• Brief:
Set down exactly each line of the entries below, beginning at the one that contains "2023年瀘州市醫(yī)師資格考試實踐技能考試考前提示" and ending at the last, and no others.

== Data supplied ==

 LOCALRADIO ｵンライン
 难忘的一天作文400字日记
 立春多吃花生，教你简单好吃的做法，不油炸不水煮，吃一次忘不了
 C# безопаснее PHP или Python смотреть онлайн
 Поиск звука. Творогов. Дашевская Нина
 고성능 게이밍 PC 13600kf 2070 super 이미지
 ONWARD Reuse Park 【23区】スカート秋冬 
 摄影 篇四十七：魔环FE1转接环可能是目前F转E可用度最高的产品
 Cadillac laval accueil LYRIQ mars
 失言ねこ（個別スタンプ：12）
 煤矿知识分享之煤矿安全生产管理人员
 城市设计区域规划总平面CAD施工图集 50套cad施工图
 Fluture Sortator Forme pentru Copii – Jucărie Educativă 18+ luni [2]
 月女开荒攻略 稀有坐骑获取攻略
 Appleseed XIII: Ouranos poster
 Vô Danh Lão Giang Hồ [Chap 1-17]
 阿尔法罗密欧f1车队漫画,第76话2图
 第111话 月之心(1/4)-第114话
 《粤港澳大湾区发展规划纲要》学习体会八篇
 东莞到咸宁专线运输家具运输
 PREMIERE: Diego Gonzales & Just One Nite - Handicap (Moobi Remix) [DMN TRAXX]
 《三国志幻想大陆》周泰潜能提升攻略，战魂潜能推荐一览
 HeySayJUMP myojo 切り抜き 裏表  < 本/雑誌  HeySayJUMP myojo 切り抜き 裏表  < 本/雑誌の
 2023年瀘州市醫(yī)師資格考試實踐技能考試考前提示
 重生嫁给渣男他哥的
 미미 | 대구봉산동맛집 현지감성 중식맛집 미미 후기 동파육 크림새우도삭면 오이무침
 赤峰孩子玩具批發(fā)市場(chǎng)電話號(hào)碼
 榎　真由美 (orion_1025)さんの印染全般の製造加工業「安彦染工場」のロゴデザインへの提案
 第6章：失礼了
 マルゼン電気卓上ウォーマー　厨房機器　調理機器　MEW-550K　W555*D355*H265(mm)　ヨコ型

===

• Answer box:
 2023年瀘州市醫(yī)師資格考試實踐技能考試考前提示
 重生嫁给渣男他哥的
 미미 | 대구봉산동맛집 현지감성 중식맛집 미미 후기 동파육 크림새우도삭면 오이무침
 赤峰孩子玩具批發(fā)市場(chǎng)電話號(hào)碼
 榎　真由美 (orion_1025)さんの印染全般の製造加工業「安彦染工場」のロゴデザインへの提案
 第6章：失礼了
 マルゼン電気卓上ウォーマー　厨房機器　調理機器　MEW-550K　W555*D355*H265(mm)　ヨコ型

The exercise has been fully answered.